> [Data block]:
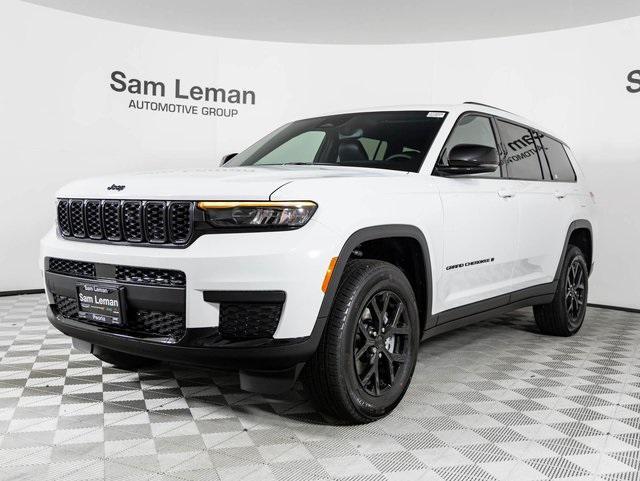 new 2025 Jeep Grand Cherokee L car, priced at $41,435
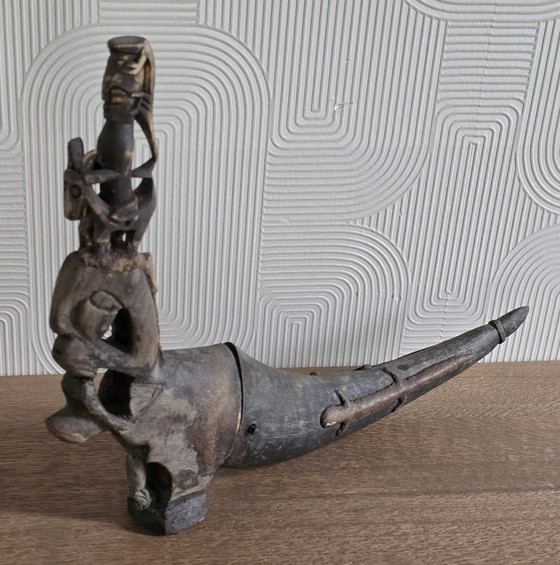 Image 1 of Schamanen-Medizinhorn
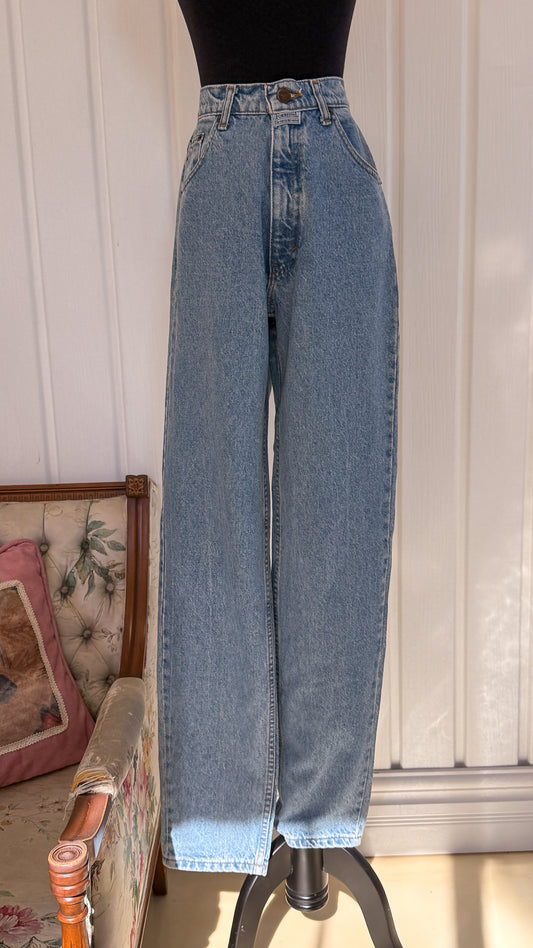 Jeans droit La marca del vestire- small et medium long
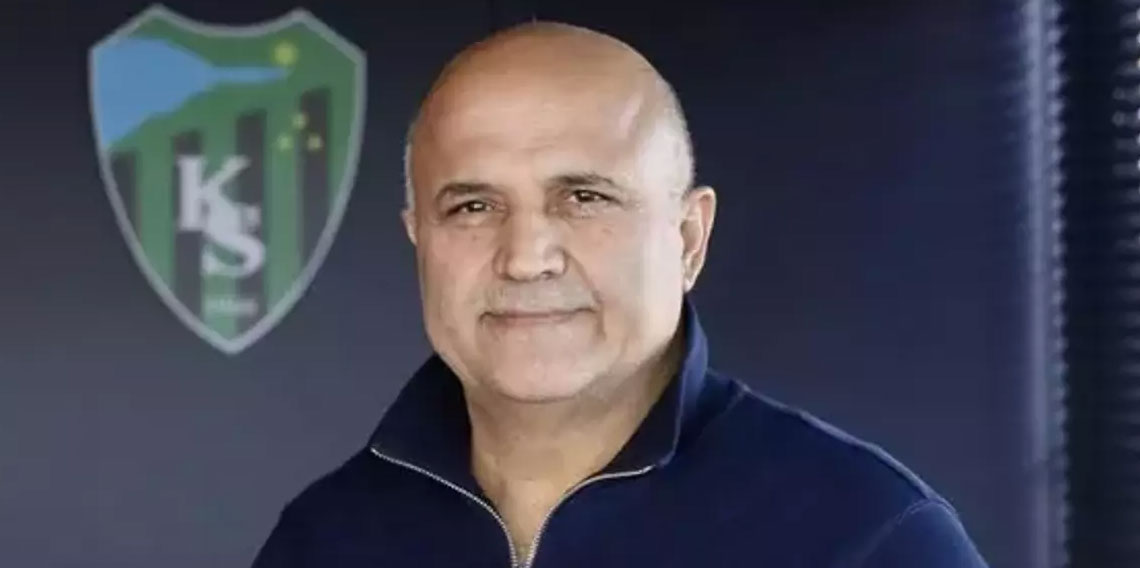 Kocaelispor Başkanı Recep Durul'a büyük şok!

> [Problem statement]: Strip the images and return the remaining data exactly.

> [Solution]:
 new 2025 Jeep Grand Cherokee L car, priced at $41,435
 Image 1 of Schamanen-Medizinhorn
 Jeans droit La marca del vestire- small et medium long
 Kocaelispor Başkanı Recep Durul'a büyük şok!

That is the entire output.